* Task objective *
Set down each line from the line holding "Picture of fat" to the last line of the entries below, exactly, with both ends included and without pictures.
Start of Data excerpts
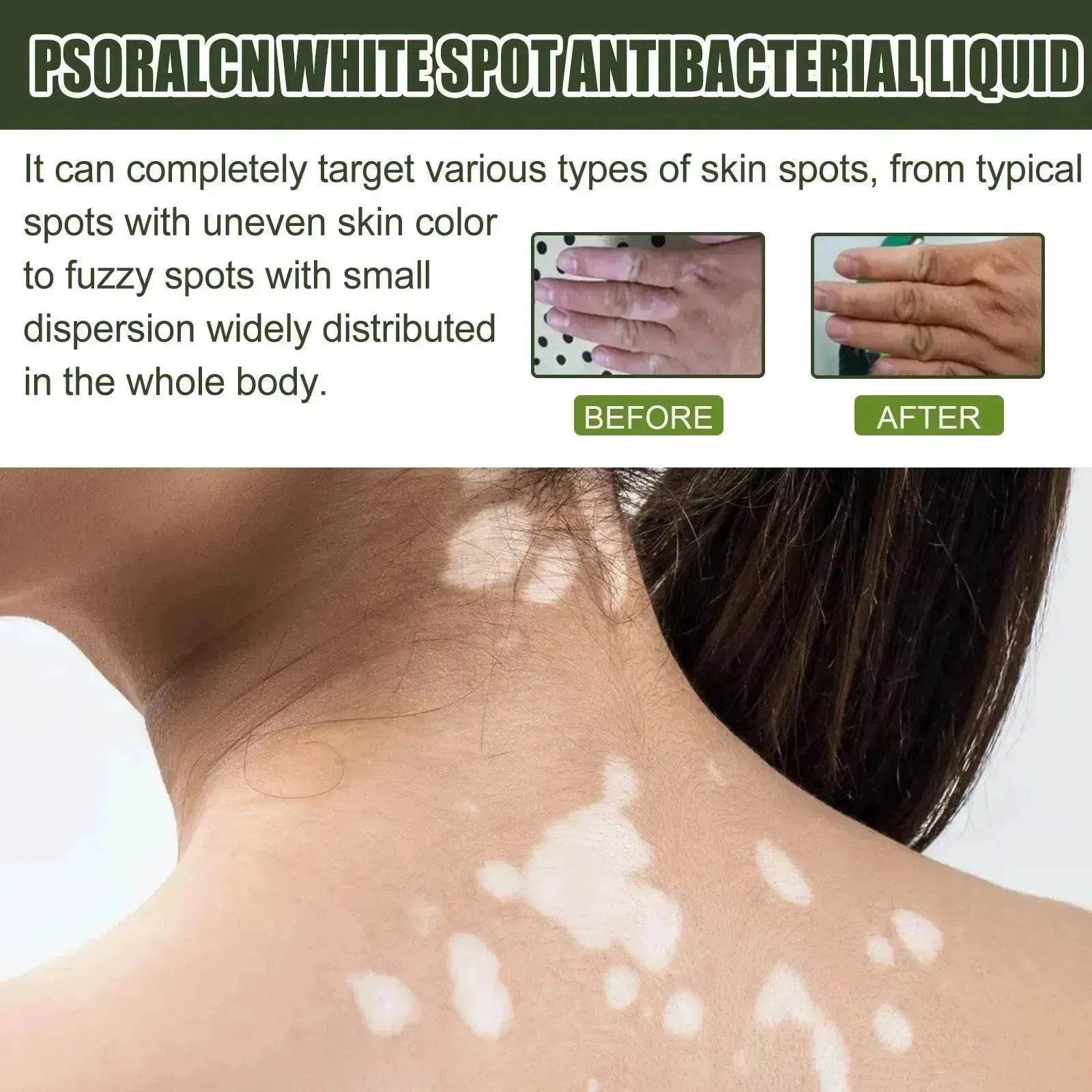 EELHOE White Spot Cleansing Serum  PSORALCN White Spot Antibacterial Liquid.
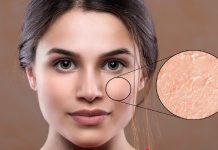 5 greatest pores and skin peeling merchandise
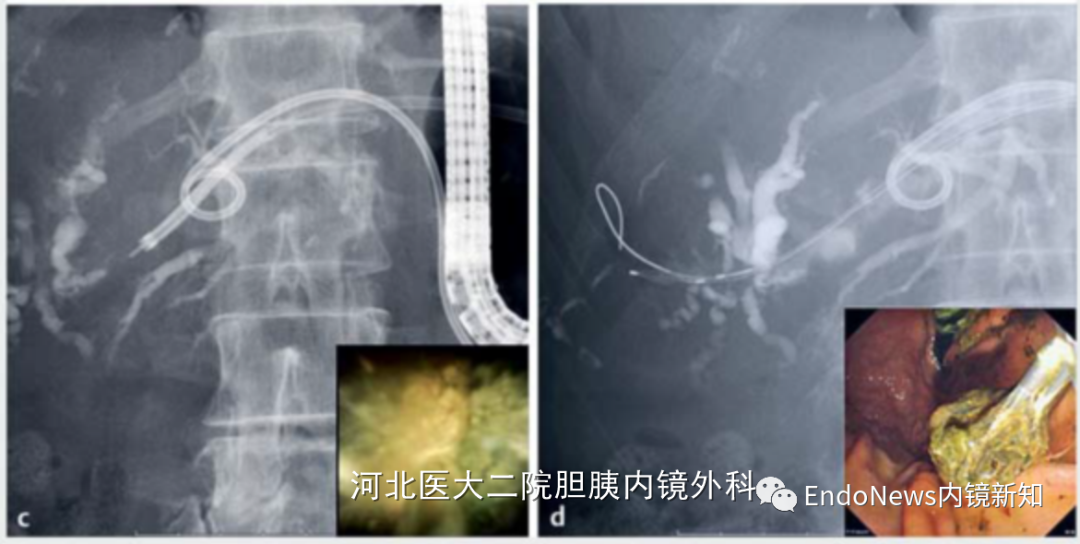 取石网篮 为什么贵EUS-BD操作中的细节：导丝如何超选？_https://www.jmylbn.com_新闻资讯_第17张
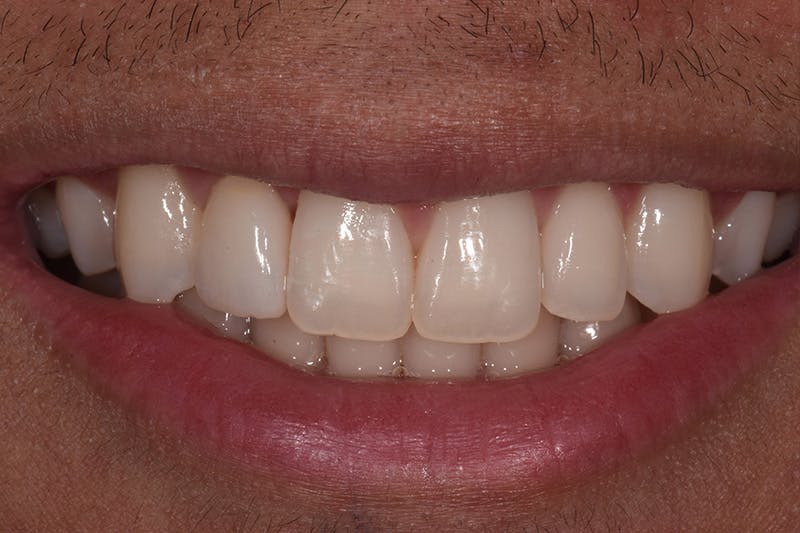 Patient Smile Before & After Gallery - Patient 242758 - Image 4
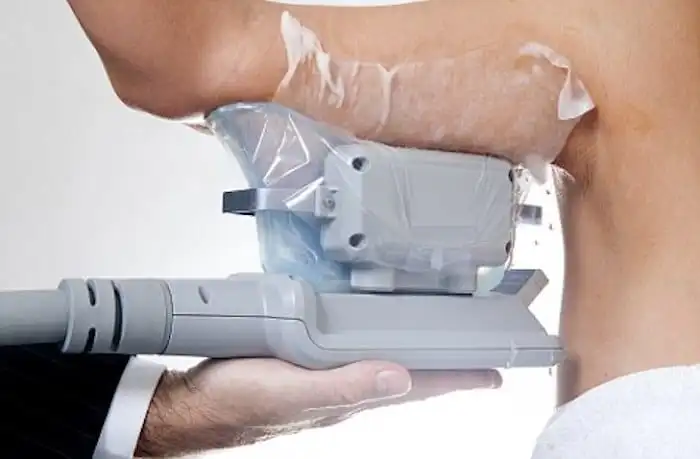 Picture of fat freezing Eastcote on the upper arms.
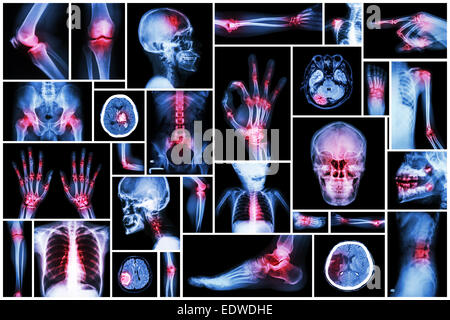 X-ray mehrere Teile des Menschen mit mehreren Erkrankungen (Schlaganfall, Arthritis, Gicht, Rheuma, Gehirn Tumor, Arthrose, etc.) Stockfoto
End of Data excerpts
* Result for this task *
 Picture of fat freezing Eastcote on the upper arms.
 X-ray mehrere Teile des Menschen mit mehreren Erkrankungen (Schlaganfall, Arthritis, Gicht, Rheuma, Gehirn Tumor, Arthrose, etc.) Stockfoto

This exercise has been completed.